Logika Publik

Cerdas Mencerdaskan

Anggaran Jalan Provinsi di Kotim Dipangkas, DPRD Kalteng Khawatir Pembangunan Desa Terhambat

Anggota Komisi IV DPRD Kalteng, Abdul Hafid (Foto: istimewa)

PALANGKA RAYA – Anggota Komisi IV DPRD Kalimantan Tengah (Kalteng) Abdul Hafid menyoroti pemangkasan anggaran proyek perbaikan Jalan Cempaka Mulya Timur, Kecamatan Cempaga, menuju Kampung Melayu, Kecamatan Pulau Hanaut, Kabupaten Kotawaringin Timur (Kotim). Ia menilai ruas jalan tersebut merupakan kunci pemerataan pembangunan bagi desa-desa di sepanjang jalur itu.

Ruas jalan sepanjang 125 kilometer tersebut telah diambil alih Pemerintah Provinsi Kalteng mulai 2025. Namun proyek ini kini terdampak pemangkasan anggaran akibat pengurangan dana transfer ke daerah (TKD).

“Anggaran yang semula dialokasikan sebesar Rp50 miliar, turun menjadi Rp3 hingga Rp4 miliar,” ujarnya belum lama ini.

Legislator Dapil II ini menegaskan pentingnya pembangunan jalan provinsi itu secara berkelanjutan karena menjadi urat nadi aktivitas ekonomi masyarakat desa. Ia menilai, jika akses jalan membaik, pemerataan pembangunan hingga wilayah Kabupaten Katingan akan lebih mudah diwujudkan.

“Sepanjang tidak adanya jalan ya susah dibangun di situ, akhirnya tertinggal,” kata Politisi Fraksi PAN ini.

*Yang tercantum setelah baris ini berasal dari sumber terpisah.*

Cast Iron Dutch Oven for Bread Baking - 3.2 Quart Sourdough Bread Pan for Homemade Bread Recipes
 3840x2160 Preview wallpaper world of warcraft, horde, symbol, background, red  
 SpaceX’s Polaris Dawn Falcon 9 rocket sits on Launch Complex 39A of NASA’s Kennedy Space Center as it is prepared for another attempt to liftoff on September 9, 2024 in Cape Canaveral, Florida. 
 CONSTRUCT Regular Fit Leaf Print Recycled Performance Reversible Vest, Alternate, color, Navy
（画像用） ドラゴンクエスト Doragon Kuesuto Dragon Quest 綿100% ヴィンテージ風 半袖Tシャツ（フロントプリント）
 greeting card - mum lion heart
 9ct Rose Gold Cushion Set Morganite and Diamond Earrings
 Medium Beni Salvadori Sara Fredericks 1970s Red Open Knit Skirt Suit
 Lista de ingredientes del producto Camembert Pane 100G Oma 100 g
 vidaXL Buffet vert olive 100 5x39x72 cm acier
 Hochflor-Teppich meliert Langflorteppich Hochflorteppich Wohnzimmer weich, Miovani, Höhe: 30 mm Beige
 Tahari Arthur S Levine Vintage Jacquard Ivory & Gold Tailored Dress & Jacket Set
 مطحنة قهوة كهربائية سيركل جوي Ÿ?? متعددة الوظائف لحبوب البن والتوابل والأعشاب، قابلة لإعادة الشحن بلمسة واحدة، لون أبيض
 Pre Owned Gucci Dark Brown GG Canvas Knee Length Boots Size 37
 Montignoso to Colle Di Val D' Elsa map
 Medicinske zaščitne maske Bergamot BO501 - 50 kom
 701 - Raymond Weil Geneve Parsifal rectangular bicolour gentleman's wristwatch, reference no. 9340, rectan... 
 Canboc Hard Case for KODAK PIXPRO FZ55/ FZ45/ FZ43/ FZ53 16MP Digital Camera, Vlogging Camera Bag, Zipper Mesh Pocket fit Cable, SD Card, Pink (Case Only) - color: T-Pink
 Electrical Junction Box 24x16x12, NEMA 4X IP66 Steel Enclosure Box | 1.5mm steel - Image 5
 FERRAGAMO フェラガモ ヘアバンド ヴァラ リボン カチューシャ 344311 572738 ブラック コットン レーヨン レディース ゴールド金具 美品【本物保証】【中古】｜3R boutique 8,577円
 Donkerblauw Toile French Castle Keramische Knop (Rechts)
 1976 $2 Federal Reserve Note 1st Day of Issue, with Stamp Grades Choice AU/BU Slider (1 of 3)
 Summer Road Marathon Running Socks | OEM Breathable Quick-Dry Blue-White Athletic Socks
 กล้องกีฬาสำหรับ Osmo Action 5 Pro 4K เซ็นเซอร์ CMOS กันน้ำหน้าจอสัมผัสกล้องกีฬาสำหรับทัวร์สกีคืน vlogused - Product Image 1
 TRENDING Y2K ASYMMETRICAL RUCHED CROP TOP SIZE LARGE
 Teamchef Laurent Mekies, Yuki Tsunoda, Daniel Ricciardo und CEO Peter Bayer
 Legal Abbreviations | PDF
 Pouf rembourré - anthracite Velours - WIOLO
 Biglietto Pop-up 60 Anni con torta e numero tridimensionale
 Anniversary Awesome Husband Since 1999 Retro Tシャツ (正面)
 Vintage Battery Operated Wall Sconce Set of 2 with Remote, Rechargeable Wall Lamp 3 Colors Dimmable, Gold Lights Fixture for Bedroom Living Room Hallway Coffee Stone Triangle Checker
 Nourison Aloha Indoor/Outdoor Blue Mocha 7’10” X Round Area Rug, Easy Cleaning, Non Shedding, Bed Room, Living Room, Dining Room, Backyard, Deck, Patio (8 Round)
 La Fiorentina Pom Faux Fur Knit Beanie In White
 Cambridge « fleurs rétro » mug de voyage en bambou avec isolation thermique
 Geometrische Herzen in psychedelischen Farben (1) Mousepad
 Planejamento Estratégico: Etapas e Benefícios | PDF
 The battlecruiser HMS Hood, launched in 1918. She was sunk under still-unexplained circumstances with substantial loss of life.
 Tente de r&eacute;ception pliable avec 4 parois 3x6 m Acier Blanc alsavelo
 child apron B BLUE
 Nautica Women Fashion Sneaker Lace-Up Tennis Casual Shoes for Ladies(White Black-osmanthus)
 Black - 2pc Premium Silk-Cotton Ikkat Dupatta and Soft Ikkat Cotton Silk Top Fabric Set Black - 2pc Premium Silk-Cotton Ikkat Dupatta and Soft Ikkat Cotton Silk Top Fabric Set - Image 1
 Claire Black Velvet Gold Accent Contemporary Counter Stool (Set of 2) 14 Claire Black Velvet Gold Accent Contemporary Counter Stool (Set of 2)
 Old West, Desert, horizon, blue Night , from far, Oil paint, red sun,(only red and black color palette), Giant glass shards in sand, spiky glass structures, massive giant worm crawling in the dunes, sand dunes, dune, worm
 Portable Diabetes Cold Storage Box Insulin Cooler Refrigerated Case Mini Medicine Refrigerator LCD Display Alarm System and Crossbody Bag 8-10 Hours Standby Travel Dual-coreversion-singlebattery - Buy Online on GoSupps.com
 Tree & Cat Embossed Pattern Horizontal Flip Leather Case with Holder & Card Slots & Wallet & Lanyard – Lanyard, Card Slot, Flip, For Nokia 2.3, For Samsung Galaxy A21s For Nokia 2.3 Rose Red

Meski wilayah tersebut relatif dekat dengan Kota Sampit, kedekatan geografis itu tidak banyak berarti karena kondisi jalan yang rusak masih menghambat mobilitas warga.

“Padahal daerah itu dekat dengan Kota Sampit, sangat dekat. Karena enggak ada jalan (yang bagus) akhirnya dia terhambat (pembangunan),” tegas Hafid.

Ia menambahkan, masyarakat setempat berharap proyek jalan ini dapat dilanjutkan pada tahun mendatang.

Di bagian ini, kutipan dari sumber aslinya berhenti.